In your answer, print each of the records below exactly.

☆ ☆ ☆

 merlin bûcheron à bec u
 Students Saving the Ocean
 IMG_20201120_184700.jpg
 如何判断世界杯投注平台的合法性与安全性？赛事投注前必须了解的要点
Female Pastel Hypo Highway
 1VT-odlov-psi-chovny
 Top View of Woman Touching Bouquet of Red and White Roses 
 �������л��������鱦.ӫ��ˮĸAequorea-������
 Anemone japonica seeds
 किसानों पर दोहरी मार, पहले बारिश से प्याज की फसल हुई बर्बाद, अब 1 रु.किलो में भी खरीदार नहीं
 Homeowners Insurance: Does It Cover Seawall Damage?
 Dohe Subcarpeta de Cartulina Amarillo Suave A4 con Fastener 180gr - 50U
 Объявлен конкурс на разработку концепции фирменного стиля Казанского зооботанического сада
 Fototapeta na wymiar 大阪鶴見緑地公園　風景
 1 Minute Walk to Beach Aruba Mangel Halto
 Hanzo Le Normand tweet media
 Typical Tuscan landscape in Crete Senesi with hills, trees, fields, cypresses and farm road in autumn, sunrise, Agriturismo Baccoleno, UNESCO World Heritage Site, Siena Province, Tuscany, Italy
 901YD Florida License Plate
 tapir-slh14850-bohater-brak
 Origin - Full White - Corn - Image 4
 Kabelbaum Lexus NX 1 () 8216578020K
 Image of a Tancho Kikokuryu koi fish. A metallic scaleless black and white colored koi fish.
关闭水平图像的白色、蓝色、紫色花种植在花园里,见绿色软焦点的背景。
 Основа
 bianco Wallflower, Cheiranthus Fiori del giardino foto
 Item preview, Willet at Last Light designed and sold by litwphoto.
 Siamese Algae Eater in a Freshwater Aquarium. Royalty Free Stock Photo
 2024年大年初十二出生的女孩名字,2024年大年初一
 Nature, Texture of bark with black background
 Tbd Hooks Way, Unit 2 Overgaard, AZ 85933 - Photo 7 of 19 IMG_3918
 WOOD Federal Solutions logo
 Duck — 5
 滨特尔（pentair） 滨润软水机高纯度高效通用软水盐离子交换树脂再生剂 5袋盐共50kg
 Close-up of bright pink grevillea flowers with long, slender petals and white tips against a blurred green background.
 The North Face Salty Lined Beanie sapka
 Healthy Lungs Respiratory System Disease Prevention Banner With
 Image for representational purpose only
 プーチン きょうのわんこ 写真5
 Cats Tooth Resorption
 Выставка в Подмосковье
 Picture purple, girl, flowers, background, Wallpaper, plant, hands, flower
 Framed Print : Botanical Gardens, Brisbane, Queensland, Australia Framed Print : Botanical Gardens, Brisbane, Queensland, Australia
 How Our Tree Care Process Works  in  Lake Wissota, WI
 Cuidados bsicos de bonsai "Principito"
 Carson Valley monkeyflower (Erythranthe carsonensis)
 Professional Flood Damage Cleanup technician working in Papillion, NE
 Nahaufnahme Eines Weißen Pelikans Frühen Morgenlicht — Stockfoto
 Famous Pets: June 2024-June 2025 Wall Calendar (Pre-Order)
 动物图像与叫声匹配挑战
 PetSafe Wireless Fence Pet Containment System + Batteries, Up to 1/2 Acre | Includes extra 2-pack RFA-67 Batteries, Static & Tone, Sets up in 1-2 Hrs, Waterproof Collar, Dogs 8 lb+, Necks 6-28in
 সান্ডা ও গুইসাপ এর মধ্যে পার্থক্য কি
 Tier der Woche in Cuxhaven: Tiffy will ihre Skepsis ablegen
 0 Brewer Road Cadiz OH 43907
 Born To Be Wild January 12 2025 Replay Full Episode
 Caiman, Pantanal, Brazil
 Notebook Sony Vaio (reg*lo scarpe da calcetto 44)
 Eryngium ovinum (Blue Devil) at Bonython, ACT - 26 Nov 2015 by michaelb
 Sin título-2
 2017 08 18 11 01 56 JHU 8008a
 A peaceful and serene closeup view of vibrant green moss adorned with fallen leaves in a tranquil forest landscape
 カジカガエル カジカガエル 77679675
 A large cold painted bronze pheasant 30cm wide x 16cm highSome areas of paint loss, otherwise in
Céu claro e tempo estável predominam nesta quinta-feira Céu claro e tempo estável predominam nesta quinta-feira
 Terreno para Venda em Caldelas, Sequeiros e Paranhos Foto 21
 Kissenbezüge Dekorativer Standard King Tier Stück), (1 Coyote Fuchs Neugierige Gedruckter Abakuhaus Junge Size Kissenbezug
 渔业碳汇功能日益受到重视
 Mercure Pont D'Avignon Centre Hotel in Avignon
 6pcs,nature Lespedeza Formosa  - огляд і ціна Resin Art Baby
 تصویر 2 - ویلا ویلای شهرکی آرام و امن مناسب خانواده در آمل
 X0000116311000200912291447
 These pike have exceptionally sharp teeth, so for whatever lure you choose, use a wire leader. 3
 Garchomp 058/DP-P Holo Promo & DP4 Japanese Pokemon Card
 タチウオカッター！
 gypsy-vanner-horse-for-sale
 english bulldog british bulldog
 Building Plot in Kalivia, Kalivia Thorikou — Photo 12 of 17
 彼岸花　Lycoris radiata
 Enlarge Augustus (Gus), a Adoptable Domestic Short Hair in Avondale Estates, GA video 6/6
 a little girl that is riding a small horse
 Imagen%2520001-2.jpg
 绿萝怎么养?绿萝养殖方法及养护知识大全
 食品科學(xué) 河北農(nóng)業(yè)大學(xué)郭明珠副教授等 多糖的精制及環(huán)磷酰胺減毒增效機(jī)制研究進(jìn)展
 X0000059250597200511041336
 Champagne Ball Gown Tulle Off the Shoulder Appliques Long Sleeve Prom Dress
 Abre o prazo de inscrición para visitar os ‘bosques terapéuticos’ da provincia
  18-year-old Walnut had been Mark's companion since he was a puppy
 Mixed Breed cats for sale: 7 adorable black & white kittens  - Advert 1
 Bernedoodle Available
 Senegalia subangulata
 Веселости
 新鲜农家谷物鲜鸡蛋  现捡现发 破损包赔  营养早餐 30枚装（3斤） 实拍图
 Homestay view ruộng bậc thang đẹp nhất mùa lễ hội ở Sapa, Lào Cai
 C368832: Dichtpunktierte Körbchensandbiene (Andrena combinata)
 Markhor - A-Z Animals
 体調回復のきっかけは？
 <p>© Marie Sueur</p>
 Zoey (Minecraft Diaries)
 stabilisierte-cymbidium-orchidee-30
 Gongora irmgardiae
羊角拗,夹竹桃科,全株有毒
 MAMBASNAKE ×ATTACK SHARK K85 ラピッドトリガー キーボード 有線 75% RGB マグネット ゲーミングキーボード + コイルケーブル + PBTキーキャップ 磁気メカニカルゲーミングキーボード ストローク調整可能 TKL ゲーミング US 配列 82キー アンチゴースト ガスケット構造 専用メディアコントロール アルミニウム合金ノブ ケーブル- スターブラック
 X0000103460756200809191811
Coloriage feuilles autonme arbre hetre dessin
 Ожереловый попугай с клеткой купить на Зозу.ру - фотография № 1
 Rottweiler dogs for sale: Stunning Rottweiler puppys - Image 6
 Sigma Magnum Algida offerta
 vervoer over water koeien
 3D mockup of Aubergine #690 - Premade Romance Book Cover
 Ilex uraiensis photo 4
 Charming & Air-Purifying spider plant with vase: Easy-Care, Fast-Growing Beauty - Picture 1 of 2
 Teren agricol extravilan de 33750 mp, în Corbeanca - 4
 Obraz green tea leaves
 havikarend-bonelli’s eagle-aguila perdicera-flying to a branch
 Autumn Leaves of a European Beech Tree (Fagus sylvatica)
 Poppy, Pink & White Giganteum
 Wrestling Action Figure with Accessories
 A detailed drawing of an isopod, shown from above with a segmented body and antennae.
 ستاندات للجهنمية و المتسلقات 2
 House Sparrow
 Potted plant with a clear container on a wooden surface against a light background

☆ ☆ ☆

» **Response**:
 merlin bûcheron à bec u
 Students Saving the Ocean
 IMG_20201120_184700.jpg
 如何判断世界杯投注平台的合法性与安全性？赛事投注前必须了解的要点
Female Pastel Hypo Highway
 1VT-odlov-psi-chovny
 Top View of Woman Touching Bouquet of Red and White Roses 
 �������л��������鱦.ӫ��ˮĸAequorea-������
 Anemone japonica seeds
 किसानों पर दोहरी मार, पहले बारिश से प्याज की फसल हुई बर्बाद, अब 1 रु.किलो में भी खरीदार नहीं
 Homeowners Insurance: Does It Cover Seawall Damage?
 Dohe Subcarpeta de Cartulina Amarillo Suave A4 con Fastener 180gr - 50U
 Объявлен конкурс на разработку концепции фирменного стиля Казанского зооботанического сада
 Fototapeta na wymiar 大阪鶴見緑地公園　風景
 1 Minute Walk to Beach Aruba Mangel Halto
 Hanzo Le Normand tweet media
 Typical Tuscan landscape in Crete Senesi with hills, trees, fields, cypresses and farm road in autumn, sunrise, Agriturismo Baccoleno, UNESCO World Heritage Site, Siena Province, Tuscany, Italy
 901YD Florida License Plate
 tapir-slh14850-bohater-brak
 Origin - Full White - Corn - Image 4
 Kabelbaum Lexus NX 1 () 8216578020K
 Image of a Tancho Kikokuryu koi fish. A metallic scaleless black and white colored koi fish.
关闭水平图像的白色、蓝色、紫色花种植在花园里,见绿色软焦点的背景。
 Основа
 bianco Wallflower, Cheiranthus Fiori del giardino foto
 Item preview, Willet at Last Light designed and sold by litwphoto.
 Siamese Algae Eater in a Freshwater Aquarium. Royalty Free Stock Photo
 2024年大年初十二出生的女孩名字,2024年大年初一
 Nature, Texture of bark with black background
 Tbd Hooks Way, Unit 2 Overgaard, AZ 85933 - Photo 7 of 19 IMG_3918
 WOOD Federal Solutions logo
 Duck — 5
 滨特尔（pentair） 滨润软水机高纯度高效通用软水盐离子交换树脂再生剂 5袋盐共50kg
 Close-up of bright pink grevillea flowers with long, slender petals and white tips against a blurred green background.
 The North Face Salty Lined Beanie sapka
 Healthy Lungs Respiratory System Disease Prevention Banner With
 Image for representational purpose only
 プーチン きょうのわんこ 写真5
 Cats Tooth Resorption
 Выставка в Подмосковье
 Picture purple, girl, flowers, background, Wallpaper, plant, hands, flower
 Framed Print : Botanical Gardens, Brisbane, Queensland, Australia Framed Print : Botanical Gardens, Brisbane, Queensland, Australia
 How Our Tree Care Process Works  in  Lake Wissota, WI
 Cuidados bsicos de bonsai "Principito"
 Carson Valley monkeyflower (Erythranthe carsonensis)
 Professional Flood Damage Cleanup technician working in Papillion, NE
 Nahaufnahme Eines Weißen Pelikans Frühen Morgenlicht — Stockfoto
 Famous Pets: June 2024-June 2025 Wall Calendar (Pre-Order)
 动物图像与叫声匹配挑战
 PetSafe Wireless Fence Pet Containment System + Batteries, Up to 1/2 Acre | Includes extra 2-pack RFA-67 Batteries, Static & Tone, Sets up in 1-2 Hrs, Waterproof Collar, Dogs 8 lb+, Necks 6-28in
 সান্ডা ও গুইসাপ এর মধ্যে পার্থক্য কি
 Tier der Woche in Cuxhaven: Tiffy will ihre Skepsis ablegen
 0 Brewer Road Cadiz OH 43907
 Born To Be Wild January 12 2025 Replay Full Episode
 Caiman, Pantanal, Brazil
 Notebook Sony Vaio (reg*lo scarpe da calcetto 44)
 Eryngium ovinum (Blue Devil) at Bonython, ACT - 26 Nov 2015 by michaelb
 Sin título-2
 2017 08 18 11 01 56 JHU 8008a
 A peaceful and serene closeup view of vibrant green moss adorned with fallen leaves in a tranquil forest landscape
 カジカガエル カジカガエル 77679675
 A large cold painted bronze pheasant 30cm wide x 16cm highSome areas of paint loss, otherwise in
Céu claro e tempo estável predominam nesta quinta-feira Céu claro e tempo estável predominam nesta quinta-feira
 Terreno para Venda em Caldelas, Sequeiros e Paranhos Foto 21
 Kissenbezüge Dekorativer Standard King Tier Stück), (1 Coyote Fuchs Neugierige Gedruckter Abakuhaus Junge Size Kissenbezug
 渔业碳汇功能日益受到重视
 Mercure Pont D'Avignon Centre Hotel in Avignon
 6pcs,nature Lespedeza Formosa  - огляд і ціна Resin Art Baby
 تصویر 2 - ویلا ویلای شهرکی آرام و امن مناسب خانواده در آمل
 X0000116311000200912291447
 These pike have exceptionally sharp teeth, so for whatever lure you choose, use a wire leader. 3
 Garchomp 058/DP-P Holo Promo & DP4 Japanese Pokemon Card
 タチウオカッター！
 gypsy-vanner-horse-for-sale
 english bulldog british bulldog
 Building Plot in Kalivia, Kalivia Thorikou — Photo 12 of 17
 彼岸花　Lycoris radiata
 Enlarge Augustus (Gus), a Adoptable Domestic Short Hair in Avondale Estates, GA video 6/6
 a little girl that is riding a small horse
 Imagen%2520001-2.jpg
 绿萝怎么养?绿萝养殖方法及养护知识大全
 食品科學(xué) 河北農(nóng)業(yè)大學(xué)郭明珠副教授等 多糖的精制及環(huán)磷酰胺減毒增效機(jī)制研究進(jìn)展
 X0000059250597200511041336
 Champagne Ball Gown Tulle Off the Shoulder Appliques Long Sleeve Prom Dress
 Abre o prazo de inscrición para visitar os ‘bosques terapéuticos’ da provincia
  18-year-old Walnut had been Mark's companion since he was a puppy
 Mixed Breed cats for sale: 7 adorable black & white kittens  - Advert 1
 Bernedoodle Available
 Senegalia subangulata
 Веселости
 新鲜农家谷物鲜鸡蛋  现捡现发 破损包赔  营养早餐 30枚装（3斤） 实拍图
 Homestay view ruộng bậc thang đẹp nhất mùa lễ hội ở Sapa, Lào Cai
 C368832: Dichtpunktierte Körbchensandbiene (Andrena combinata)
 Markhor - A-Z Animals
 体調回復のきっかけは？
 <p>© Marie Sueur</p>
 Zoey (Minecraft Diaries)
 stabilisierte-cymbidium-orchidee-30
 Gongora irmgardiae
羊角拗,夹竹桃科,全株有毒
 MAMBASNAKE ×ATTACK SHARK K85 ラピッドトリガー キーボード 有線 75% RGB マグネット ゲーミングキーボード + コイルケーブル + PBTキーキャップ 磁気メカニカルゲーミングキーボード ストローク調整可能 TKL ゲーミング US 配列 82キー アンチゴースト ガスケット構造 専用メディアコントロール アルミニウム合金ノブ ケーブル- スターブラック
 X0000103460756200809191811
Coloriage feuilles autonme arbre hetre dessin
 Ожереловый попугай с клеткой купить на Зозу.ру - фотография № 1
 Rottweiler dogs for sale: Stunning Rottweiler puppys - Image 6
 Sigma Magnum Algida offerta
 vervoer over water koeien
 3D mockup of Aubergine #690 - Premade Romance Book Cover
 Ilex uraiensis photo 4
 Charming & Air-Purifying spider plant with vase: Easy-Care, Fast-Growing Beauty - Picture 1 of 2
 Teren agricol extravilan de 33750 mp, în Corbeanca - 4
 Obraz green tea leaves
 havikarend-bonelli’s eagle-aguila perdicera-flying to a branch
 Autumn Leaves of a European Beech Tree (Fagus sylvatica)
 Poppy, Pink & White Giganteum
 Wrestling Action Figure with Accessories
 A detailed drawing of an isopod, shown from above with a segmented body and antennae.
 ستاندات للجهنمية و المتسلقات 2
 House Sparrow
 Potted plant with a clear container on a wooden surface against a light background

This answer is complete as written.